2. The switching module according to claim 1 further comprising a protection and status circuit arranged to provide "no protection" or "protection" function to all or one selected relay card and to provide status signals representing at least one of the above-said protection functions; wherein said protection and status circuit is connected to said first selector of said driving card to control the function of said first selector.

3. The switching module according to claim 2 wherein said protection and status circuit comprises a protection circuit arranged to avoid at least one relay card or at least one relay of the relay cards to be activated, a jumper device to be connected with said protection circuit to determine the relay or relay card not to be activated, a capacitor connected with said protection circuit to store energy to activate one relay card and a capacitor connected with said protection circuit to store energy to activate all relay cards, wherein the energy store in each of the said capacitors may not exceed that sufficient to activate one relay of the relay card.

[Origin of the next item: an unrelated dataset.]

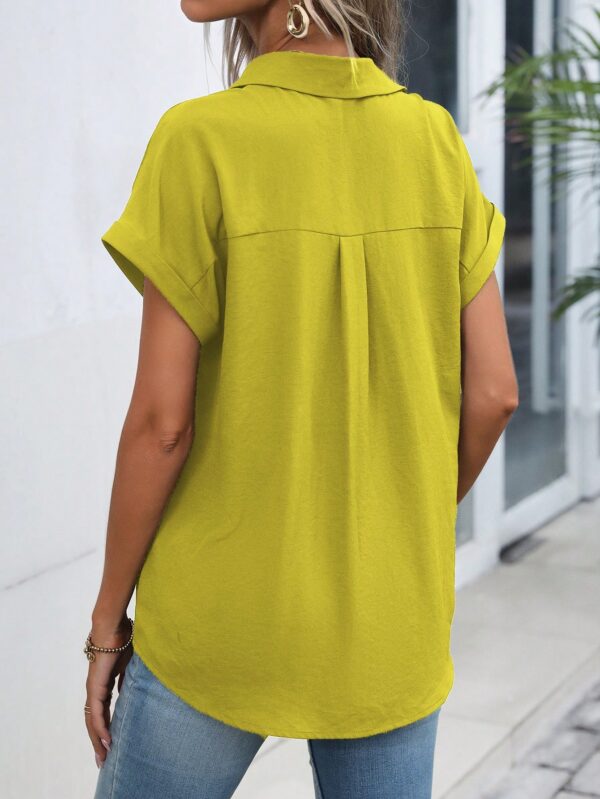 Camisa Casual de Manga Murciélago con Botones Frontales - Image 170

4. The switching module according to claim 1, comprising four relay cards, wherein two relay cards are arranged in the same plane and are overlapped by the other two relay cards, wherein relays on the overlapping relay cards are adjacent to relays with the same address on the overlapped relay cards, and wherein measurement is operated by picking up signals from relays with the same address on the overlapping and the overlapped relay cards.

5. The switching module according to claim 1, comprising four relay cards, wherein two relay cards are arranged on the same planar and are overlapped by the other two relay cards, wherein relays on the overlapping relay cards are adjacent to relays with the same address on the overlapped relay cards, wherein all wires are guarded with protection lines and wherein jumpers are applied to the circuits such that the poles of the non-enacted relay form protection lines to isolate the overlapping relay cards from the overlapped relay cards.

6. The switching module according to claim 1 wherein each relay of said relay cards further comprises three testing terminals.